By 7+ moves for cavalry, does that come from the civilization ability plus a promotion, or is there a balance mod at work? After doubling base movement, a standard cavalry ought to have 10 movement and a standard Gran Colombian unit, 11. In that case, it would seem any player could engage in hit and run tactics across the border. That could have some unintended side effects. What is your strategy for combatting the bonus movement?
A parallel is naval combat in RFC or YnAMP where movement is doubled on ocean tiles. The fact that ships can fly out of nowhere with effectively a dozen or more movement points certainly makes colonization realistically risky!
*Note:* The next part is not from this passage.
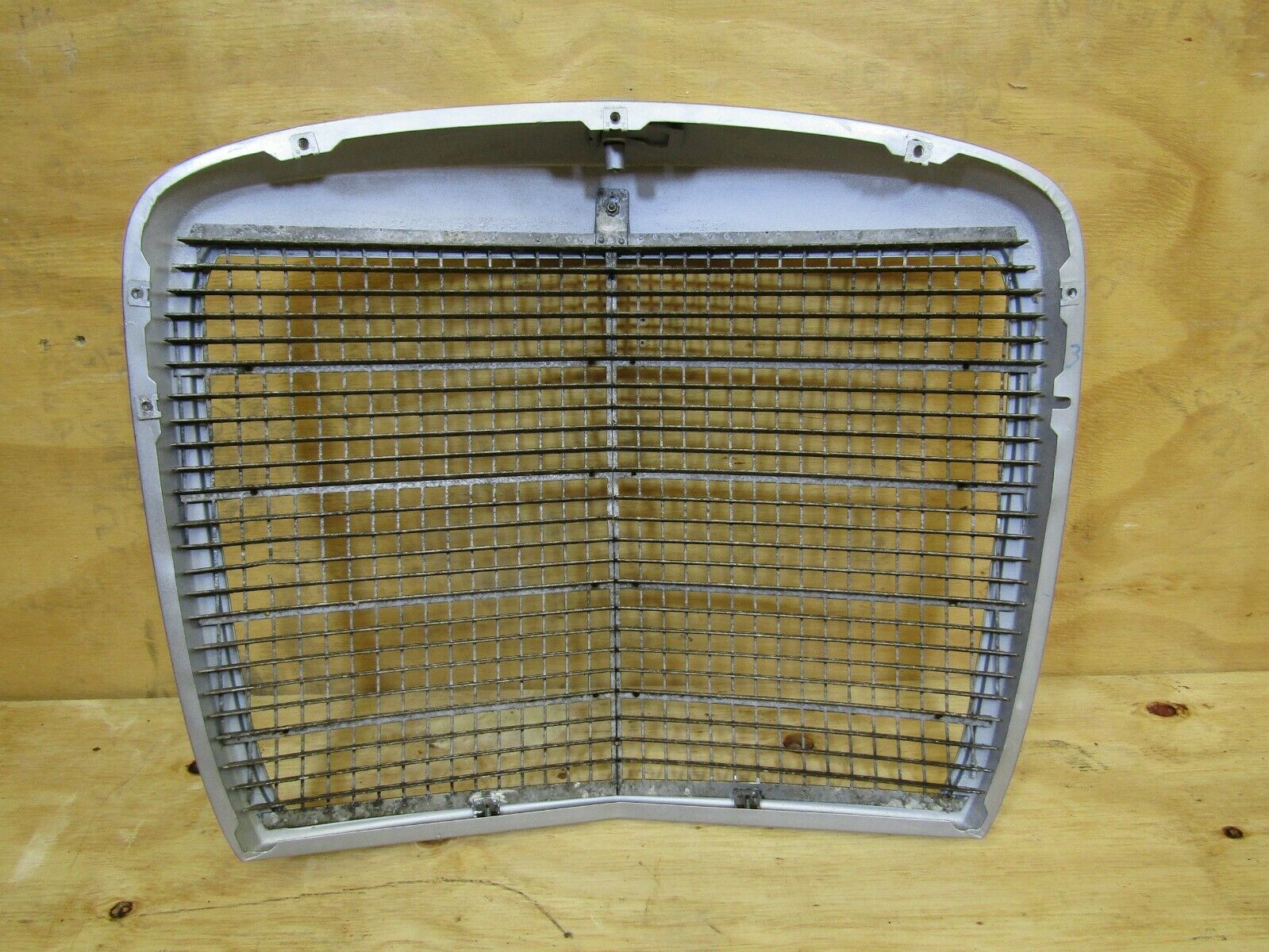 1481 Mercedes-Benz W108 280SE Bonnet Grill Chrome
I think it was Gran Colombia, with a great general and possibly a promotion too. (or some other odd bonuses, we never know
) (no mod, multiplayer vanilla)
What is my strategy for combatting the bonus movement ? You mean, what
should have been my strategy in this very, single particular case ? Because that's the problem with civs abilities and multiplayer, you are constantly put in failure by some abilities that apparently come from nowhere, but that some some player may master. The examples are countless. Some on top of my head : being overrun by Scythia's cavalry very early. Being first in science in a island map, having a navy and exploring the map, and all your navy being one-shoted in one turn by your neighbour (strangely silent during all that time
) Brazil overpowered ships acquired... by culture.
Funniest is that all my cities were coastal and had a campus in it, so easy science for Brazil player. Another example is playing TSL map with England as foe, it will conquer everything coastal in no time it's insane. All those are little strategies imagined by some shy players in secret, in order to win. That's another reason why I prefer blank civs all the same, rather than putting development efforts in creating abilities, units & buildings (that no one look at) instead of polishing seriously the mechanics or new revolutionary content in general, or having to deal with many artificial defeats/victories instead of playing with the same rules. (granted, "playing with the same rule" often ends up to "i had a bad start", but at least you don't have to learn by heart a list of dozens civs, I'm too old for that crap)
So, my strategy ? Declare war first to prevent this innocent cavalry healing right next to my borders and one-shot it with an archer. But that's afterwards thinking, because by that time, I was busy with something else and couldn't imagine Gran Columbia to declare war on me, isn't it ???
A parallel is naval combat in RFC or YnAMP where movement is doubled on ocean tiles. The fact that ships can fly out of nowhere with effectively a dozen or more movement points certainly makes colonization realistically risky!
It's not quite the same thing with naval units, because the seas and oceans are vast, uniform water masses. It might even not be big enough in Civ. (just as landmasses, but we accept to play on mini-dwarf planets since the start of the series. One direction devs could go is really make us feel how big the Earth or Earth II is, but they would have to change a couple things other than just the size, I'm just saying...)
By the way 99% of multiplayer games are on Pangaea map so it doesn't matter too much.